Speed up your models with 🤗 Optimum Intel and OpenVINO

Last July, we announced that Intel and Hugging Face would collaborate on constructing state-of-the-art yet easy hardware acceleration tools for Transformer models.

Today, we’re very comfortable to announce that we added Intel OpenVINO to Optimum Intel. You may now easily perform inference with OpenVINO Runtime on a wide range of Intel processors (see the complete list of supported devices) using Transformers models which will be hosted either on the Hugging Face hub or locally. You too can quantize your model with the OpenVINO Neural Network Compression Framework (NNCF), and reduce its size and prediction latency in near minutes.

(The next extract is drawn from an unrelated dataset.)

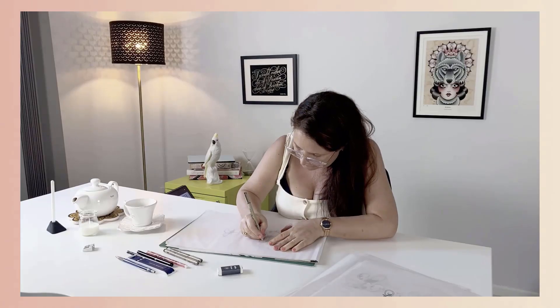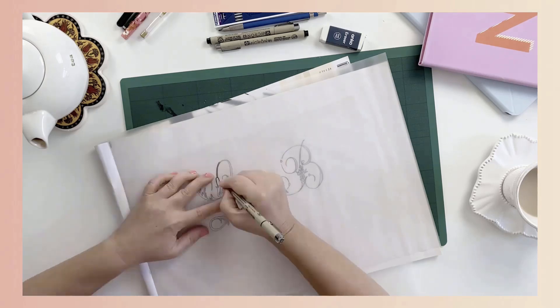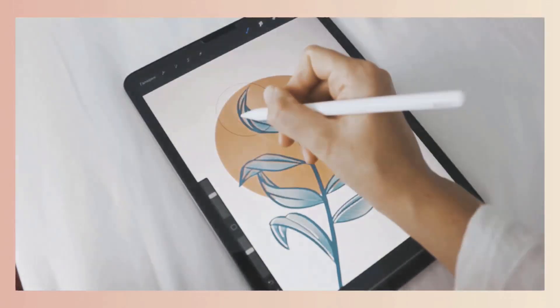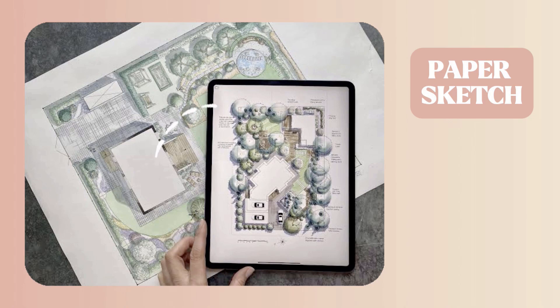There are two types of digital artists: those who jump straight into digital creation using their iPad right from the start, and those who prefer to sketch their artwork on paper first and digitize it afterwards. Digitizing your artwork is often where things get a little tricky. Depending on the apps and the tech setup, turning a paper sketch into a clean digital version can become frustrating and include a lot of app hopping.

This primary release relies on OpenVINO 2022.2 and enables inference for a great quantity of PyTorch models using our OVModels. Post-training static quantization and quantization aware training will be applied on many encoder models (BERT, DistilBERT, etc.). More encoder models shall be supported within the upcoming OpenVINO release. Currently the quantization of Encoder Decoder models isn’t enabled, nonetheless this restriction must be lifted with our integration of the following OpenVINO release.

Allow us to show you the way to start in minutes!

Quantizing a Vision Transformer with Optimum Intel and OpenVINO

In this instance, we’ll run post-training static quantization on a Vision Transformer (ViT) model fine-tuned for image classification on the food101 dataset.

Quantization is a process that lowers memory and compute requirements by reducing the bit width of model parameters. Reducing the variety of bits signifies that the resulting model requires less memory at inference time, and that operations like matrix multiplication will be performed faster due to integer arithmetic.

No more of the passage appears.